コンセプトが素敵過ぎて、冒頭一行目から引き込まれました。
「幼い頃の夏の日に、もう一度出会いたくなり」と祖母のいる田舎へと向かう主人公。
アラフォー世代のサラリーマンとして日常に疲れてしまったショウタ。そんな彼を九十歳になった祖母が迎えてくれる。
ノスタルジック。そして夏休みの思い出。名作ゲーム「ぼくのなつやすみ」を連想せずにはいられない、雰囲気抜群のシチュエーションです。
幼い頃の思い出に浸りつつ、蛍を捕まえに行くショウタ。楽しかった夏休みの思い出が蘇る中、捕まえた「蛍」の姿がふと自分自身と重なり合うことに。
疲れ切った日常と、満たされない自己肯定感。それに苛まれていたショウタが、祖母との再会を果たして癒されて行く。

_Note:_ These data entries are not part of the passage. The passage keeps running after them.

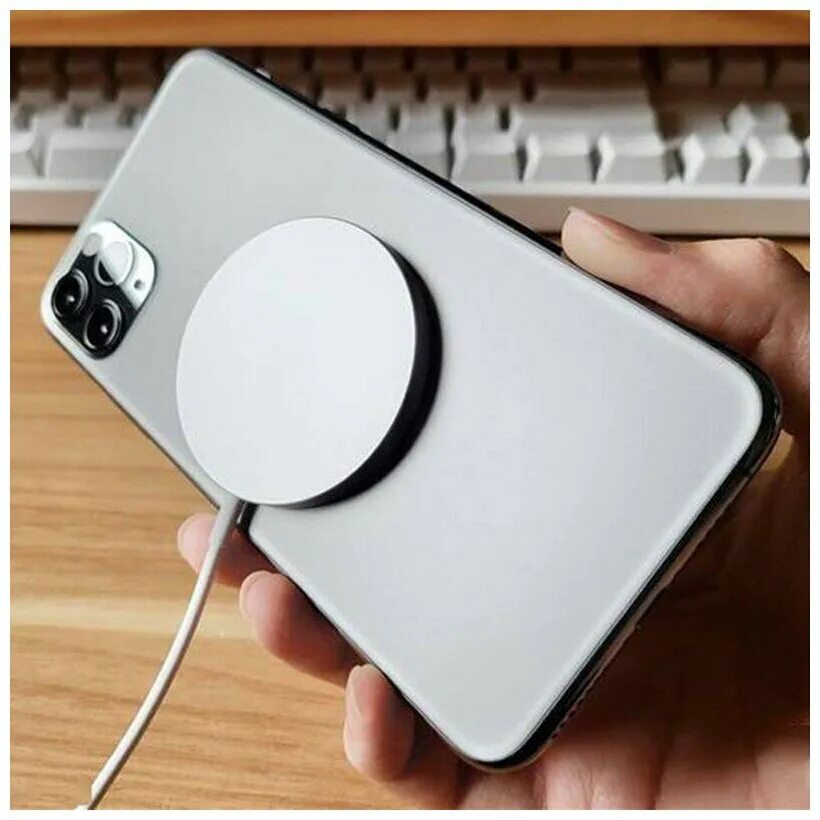Беспроводная зарядка для iphone 15 pro max. Чехол 12 pro max magsafe. Защита камеры iphone 14 pro. Беспроводная зарядка для iphone magsafe. Монарх беспроводная зарядка magsafe.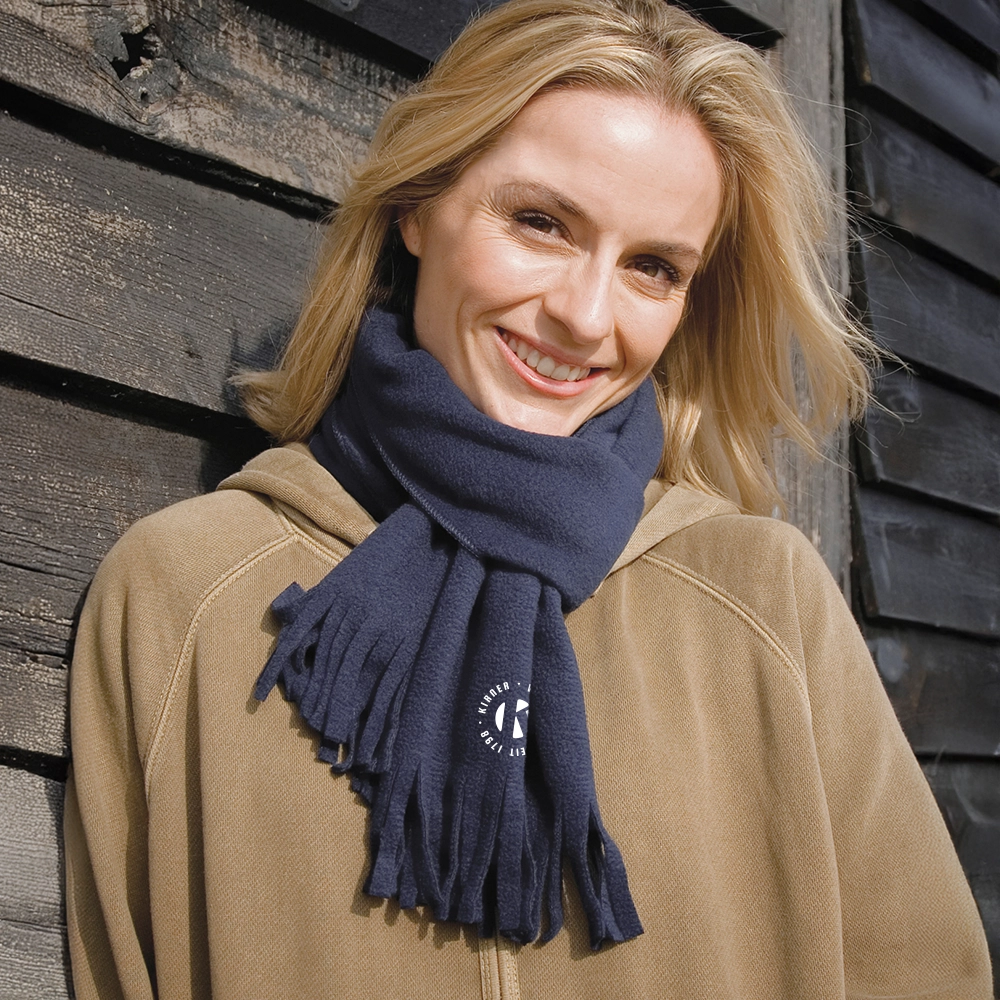 KIRNER-Schal_Model_1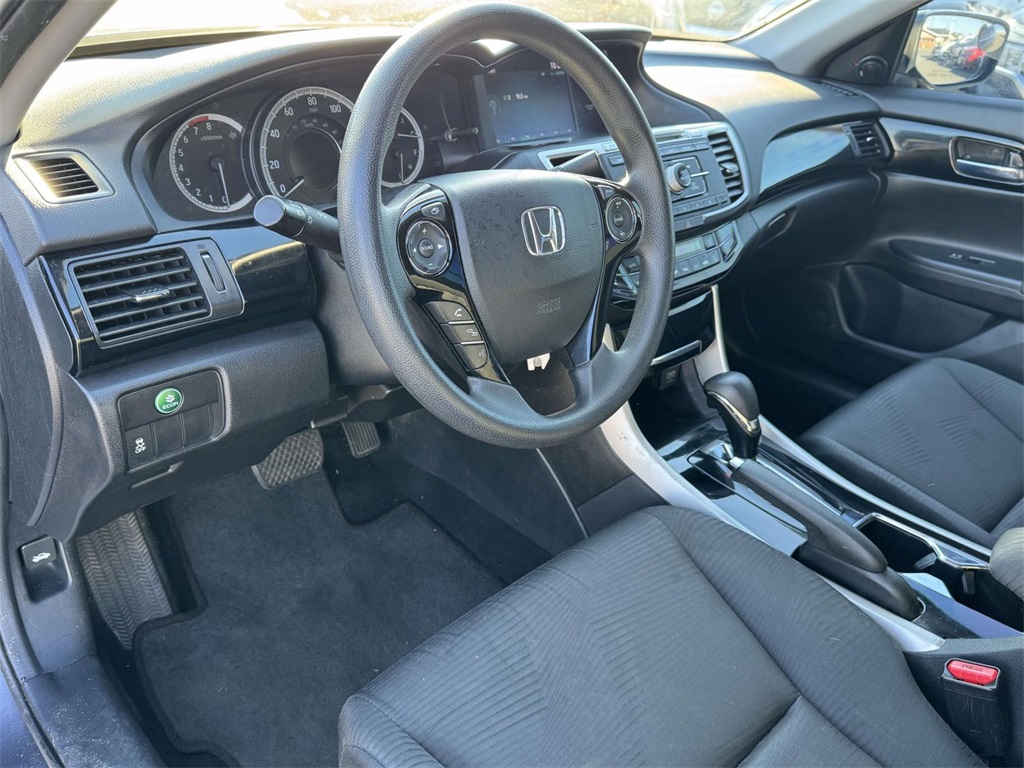 2017 Honda Accord LX photo 2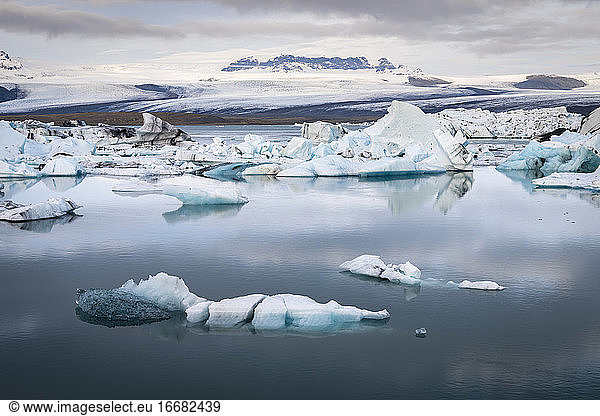 Blick auf Eisberge in der Gletscherlagune Jokulsarlon  Island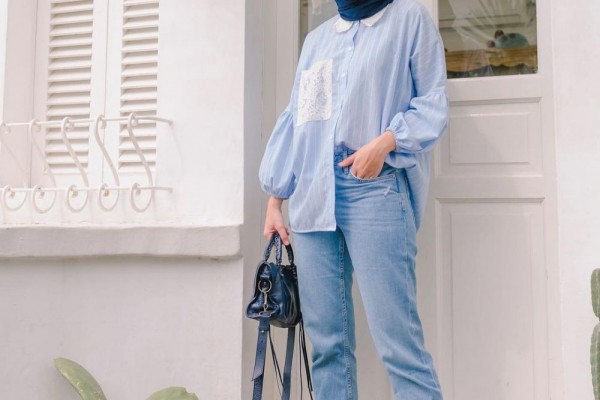 Kasual Sampai Street Style 10 Ide Mix And Match Kemeja Dan Jeans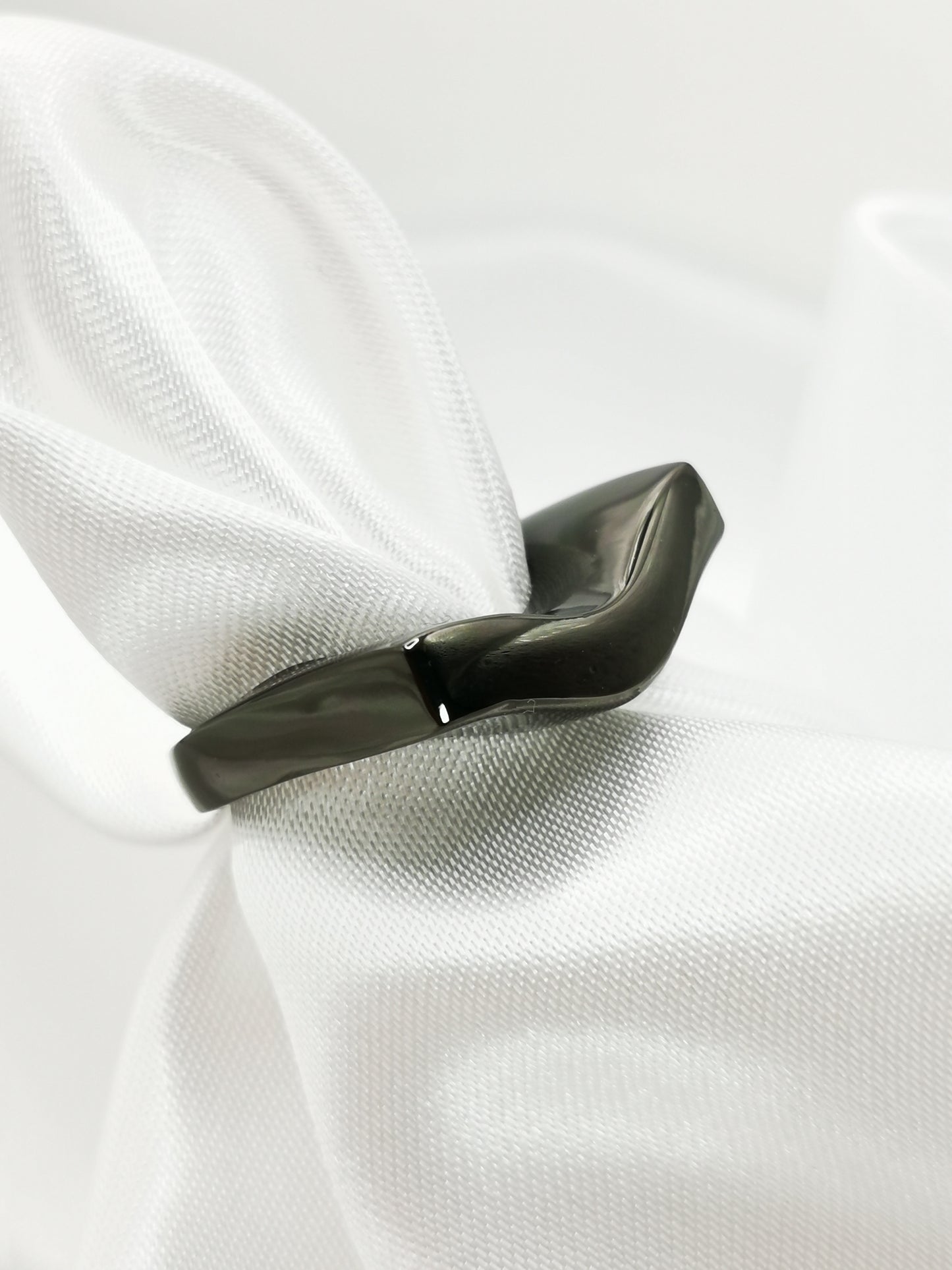 Anillo en rutenio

蛍のいるような田舎の情景が素晴らしいし、日常から離れて童心に返っていく姿がワクワクします。
まさに「夏休み」ならではの特別な空気が全編からひしひしと伝わり、読む者の心を癒してくれます。
一足早く素敵な「夏」の空気を感じさせてくれる、珠玉の作品です。
本作を読んで個人的に強く感じたのは、「忙しく働き続ける大人たちこそ、子供の頃に戻って心も体もリラックスしよう」ということです。
生きるためにはお金が必要で、お金を稼ぐためには働かなければならない。でも人間は機械ではないので、休みなく働き続けることはできない。いや機械でも休みが必要です。
そして身も心も仕事から離れてじっくり休むには、「子供の頃に戻る」という感覚に浸るのが最適でしょう。仕事を知らなかった子供の頃に。
ちょうどこのゴールデンウィーク。私は十数年ぶりに家族と10日ほど過ごし、完全に子供に戻っていました。大人になってから自分がやっていたことをすべて放り出して。
最初は「こんなことしていて良いのだろうか?」という感覚があったものの、連休を終えた今は「また頑張るか」という気持ちになれました。必要な時間だったと思っています(家族には負担をかけてしまいましたけどね😅)
忙しく働き、仕事に真正面から立ち向かい続けている方にこそ本作を読んでいただき、少しでも良いので自分に休憩をあげてほしいなと思います。